Rural Alaska

In the midst of the storm, a dash to keep the power on in Hooper Bay

Hooper Bay Western Alaska storm flood

This story originally appeared at KYUK and is republished here with permission.

HOOPER BAY - Signs of the flood are everywhere. A steel culvert rests on top of a building that was pushed off its frame. Fishing boats sit stranded on the tundra. Seaweed and debris hang shoulder high off fences in the middle of town.

Parts of Hooper Bay were without power for about 36 hours over the weekend as a storm surge flooded the coastal community of about 1,300 people. But the situation could have been far worse – and threatened the town’s winter subsistence stock – if not for the work of two local power plant operators.

On Sept. 20 at the airstrip, cousins Leemon Andrew and Leemon Bunyan were working to restore power to the runway lights.

Andrew, the older of the two, said things are still in a much better shape than they were just a few days ago.

“Everybody’s happy that they have power,” Andrew said.

Andrew, born and raised in Hooper Bay, said he had never seen anything like the flooding that rocked the village over the weekend. As an Alaska Village Electrical Cooperative power plant operator, he certainly hadn’t experienced anything like it. He only just started in April. His cousin has been working as a plant operator for only three weeks. Both cousins are in their early 30s.

“Everything’s new to me,” Andrew said. “But we nearly had a power outage throughout the whole town.”

[Dunleavy requests federal disaster aid for Western Alaska as reports of storm damage accumulate]

The past few days have been about as intense an initiation into the job as anyone could imagine.

When the water started to rise up to the bulk fuel tanks and the power plant on Friday night, Andrew and Bunyan were there with an AVEC contractor.

Soon, some of the empty bulk fuel tanks started to lift and tilt. One toppled, causing the gaskets of the fuel lines to rupture. Those lines bring fuel from the bulk tanks to a smaller tank that powers the generator, which in turn powers the whole town. Now that power was close to shutting off completely.

[Essential pieces of life in Nome were lost in the storm]

They needed to figure out a solution.

“We had a bucket brigade going to fill up the day tank so the generator wouldn’t run out of fuel,” Andrew said. “After the flood in the morning, the day tank was getting low.”

Without a functioning fuel line, Andrew, Bunyan and the AVEC contractor became a human fuel line. As the water rose up toward their waists and debris floating around them, they started carrying bucket after bucket of fuel to the day tank.

If the generator shut down, the whole town would lose power. Everyone’s freezers are filled with moose meat and fish for the winter. Without power, Andrew said, the freezers risked thawing and spoiling all the food inside. It was more than electricity - it was a matter of food security.
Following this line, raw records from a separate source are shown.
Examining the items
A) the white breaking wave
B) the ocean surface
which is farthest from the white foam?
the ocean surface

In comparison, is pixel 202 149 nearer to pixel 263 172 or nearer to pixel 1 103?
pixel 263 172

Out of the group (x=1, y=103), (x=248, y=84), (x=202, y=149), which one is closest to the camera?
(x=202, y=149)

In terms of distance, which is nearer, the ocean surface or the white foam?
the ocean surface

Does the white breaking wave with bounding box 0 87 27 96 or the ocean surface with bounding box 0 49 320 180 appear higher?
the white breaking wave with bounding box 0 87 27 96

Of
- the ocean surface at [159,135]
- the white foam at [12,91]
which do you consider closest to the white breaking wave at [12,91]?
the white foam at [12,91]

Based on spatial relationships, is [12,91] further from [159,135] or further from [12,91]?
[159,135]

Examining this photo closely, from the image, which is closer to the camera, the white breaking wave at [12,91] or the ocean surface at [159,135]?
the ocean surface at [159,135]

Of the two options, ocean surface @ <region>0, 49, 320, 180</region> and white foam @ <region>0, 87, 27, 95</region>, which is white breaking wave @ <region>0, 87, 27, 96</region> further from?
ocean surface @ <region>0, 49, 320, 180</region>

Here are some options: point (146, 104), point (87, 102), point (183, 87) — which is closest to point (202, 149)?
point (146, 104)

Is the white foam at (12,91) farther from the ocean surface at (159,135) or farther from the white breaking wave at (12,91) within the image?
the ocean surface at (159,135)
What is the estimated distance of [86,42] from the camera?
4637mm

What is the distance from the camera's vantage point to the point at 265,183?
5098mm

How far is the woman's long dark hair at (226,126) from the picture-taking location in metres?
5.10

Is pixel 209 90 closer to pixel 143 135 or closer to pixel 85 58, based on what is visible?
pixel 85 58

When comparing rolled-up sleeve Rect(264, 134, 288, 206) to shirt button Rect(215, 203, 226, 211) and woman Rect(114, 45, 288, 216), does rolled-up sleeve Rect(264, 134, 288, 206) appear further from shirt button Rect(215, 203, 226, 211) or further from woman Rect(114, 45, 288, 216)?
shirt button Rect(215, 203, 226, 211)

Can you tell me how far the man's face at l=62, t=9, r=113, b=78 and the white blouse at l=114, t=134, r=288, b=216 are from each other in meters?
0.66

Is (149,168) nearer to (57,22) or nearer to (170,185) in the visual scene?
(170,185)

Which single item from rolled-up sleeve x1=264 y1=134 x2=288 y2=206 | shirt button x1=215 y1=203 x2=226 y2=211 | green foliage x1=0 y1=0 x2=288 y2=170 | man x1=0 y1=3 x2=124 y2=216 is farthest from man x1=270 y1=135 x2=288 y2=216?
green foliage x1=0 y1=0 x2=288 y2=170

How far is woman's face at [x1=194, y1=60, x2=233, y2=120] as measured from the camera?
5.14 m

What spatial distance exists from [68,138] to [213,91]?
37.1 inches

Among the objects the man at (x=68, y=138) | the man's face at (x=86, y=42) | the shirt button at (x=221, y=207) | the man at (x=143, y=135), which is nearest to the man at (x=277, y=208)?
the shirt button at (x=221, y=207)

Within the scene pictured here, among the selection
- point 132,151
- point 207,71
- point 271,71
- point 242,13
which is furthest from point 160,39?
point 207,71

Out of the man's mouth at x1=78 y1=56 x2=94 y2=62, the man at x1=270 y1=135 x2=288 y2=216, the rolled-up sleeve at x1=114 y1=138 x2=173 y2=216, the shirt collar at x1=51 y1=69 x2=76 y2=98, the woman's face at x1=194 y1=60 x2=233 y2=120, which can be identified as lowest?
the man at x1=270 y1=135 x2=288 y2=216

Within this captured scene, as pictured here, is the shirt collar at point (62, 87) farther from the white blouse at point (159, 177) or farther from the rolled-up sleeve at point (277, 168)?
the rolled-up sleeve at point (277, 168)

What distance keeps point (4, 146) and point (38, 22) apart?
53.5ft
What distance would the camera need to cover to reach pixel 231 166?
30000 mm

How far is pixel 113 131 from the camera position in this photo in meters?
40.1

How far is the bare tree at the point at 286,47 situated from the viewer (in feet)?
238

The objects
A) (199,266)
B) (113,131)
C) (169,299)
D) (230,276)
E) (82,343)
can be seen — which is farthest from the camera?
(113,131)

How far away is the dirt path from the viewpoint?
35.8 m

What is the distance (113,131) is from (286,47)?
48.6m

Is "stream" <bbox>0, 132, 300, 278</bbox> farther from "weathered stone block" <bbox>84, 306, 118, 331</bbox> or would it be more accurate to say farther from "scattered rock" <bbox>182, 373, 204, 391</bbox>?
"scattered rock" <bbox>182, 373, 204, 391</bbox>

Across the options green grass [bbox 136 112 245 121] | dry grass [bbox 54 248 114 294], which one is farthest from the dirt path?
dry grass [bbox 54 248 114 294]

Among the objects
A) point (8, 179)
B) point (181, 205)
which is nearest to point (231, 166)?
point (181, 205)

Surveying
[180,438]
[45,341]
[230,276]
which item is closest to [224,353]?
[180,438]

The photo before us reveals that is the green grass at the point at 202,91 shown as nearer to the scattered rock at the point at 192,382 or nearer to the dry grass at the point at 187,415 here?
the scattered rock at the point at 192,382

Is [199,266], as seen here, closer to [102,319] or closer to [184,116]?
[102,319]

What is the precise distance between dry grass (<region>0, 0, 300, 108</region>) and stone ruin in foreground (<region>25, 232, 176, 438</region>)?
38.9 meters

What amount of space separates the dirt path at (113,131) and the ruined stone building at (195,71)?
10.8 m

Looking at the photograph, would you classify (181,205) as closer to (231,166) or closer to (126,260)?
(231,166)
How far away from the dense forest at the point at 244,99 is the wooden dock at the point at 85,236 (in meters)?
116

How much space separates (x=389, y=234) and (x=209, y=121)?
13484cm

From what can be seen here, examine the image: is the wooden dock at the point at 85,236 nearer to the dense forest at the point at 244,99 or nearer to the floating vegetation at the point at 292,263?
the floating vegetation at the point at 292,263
[Here are some ways to help communities ravaged by storms in Western Alaska]

As the team worked, Robert Lohman, the AVEC contractor, kept an eye on the rising waters pummeling the bulk fuel tanks. With the water around his waist, he started unlocking the gates farther up the hill, creating an escape route for the crew in case they needed to abandon the plant.
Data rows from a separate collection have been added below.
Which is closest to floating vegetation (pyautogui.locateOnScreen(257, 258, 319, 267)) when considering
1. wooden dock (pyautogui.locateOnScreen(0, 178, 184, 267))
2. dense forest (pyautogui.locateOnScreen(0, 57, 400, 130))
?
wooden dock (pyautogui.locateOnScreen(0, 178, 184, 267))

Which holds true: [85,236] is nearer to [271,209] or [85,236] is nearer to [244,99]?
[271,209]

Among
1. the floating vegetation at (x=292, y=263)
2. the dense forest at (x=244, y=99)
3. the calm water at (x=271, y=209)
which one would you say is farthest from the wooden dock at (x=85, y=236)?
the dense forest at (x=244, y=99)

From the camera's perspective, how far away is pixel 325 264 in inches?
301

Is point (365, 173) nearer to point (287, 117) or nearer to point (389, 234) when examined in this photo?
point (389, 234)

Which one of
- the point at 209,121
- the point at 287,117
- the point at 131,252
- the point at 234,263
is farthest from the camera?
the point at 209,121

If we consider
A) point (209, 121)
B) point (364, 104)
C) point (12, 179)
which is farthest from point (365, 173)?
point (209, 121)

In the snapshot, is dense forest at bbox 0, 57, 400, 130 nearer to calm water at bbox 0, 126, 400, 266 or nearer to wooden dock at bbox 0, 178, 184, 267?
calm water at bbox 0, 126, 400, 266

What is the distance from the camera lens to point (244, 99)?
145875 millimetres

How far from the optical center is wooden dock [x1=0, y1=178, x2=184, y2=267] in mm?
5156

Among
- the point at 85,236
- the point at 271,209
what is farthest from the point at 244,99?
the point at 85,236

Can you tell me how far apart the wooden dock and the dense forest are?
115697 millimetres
I asked Lohman if he was worried for his life.

“No,” Lohman said. “I’m old.”

Ultimately, the waters were low enough that they did not have to flee. Eventually, the group came up with a workaround for the bucket brigade. They ran a garden hose from the valve at the bottom of the tank to a pump, then ran another garden hose from that pump to the tank feeding the town’s generator. That, currently, is still the solution that is powering the village.

AVEC leadership was visiting the power plant Wednesday to look for a more permanent solution.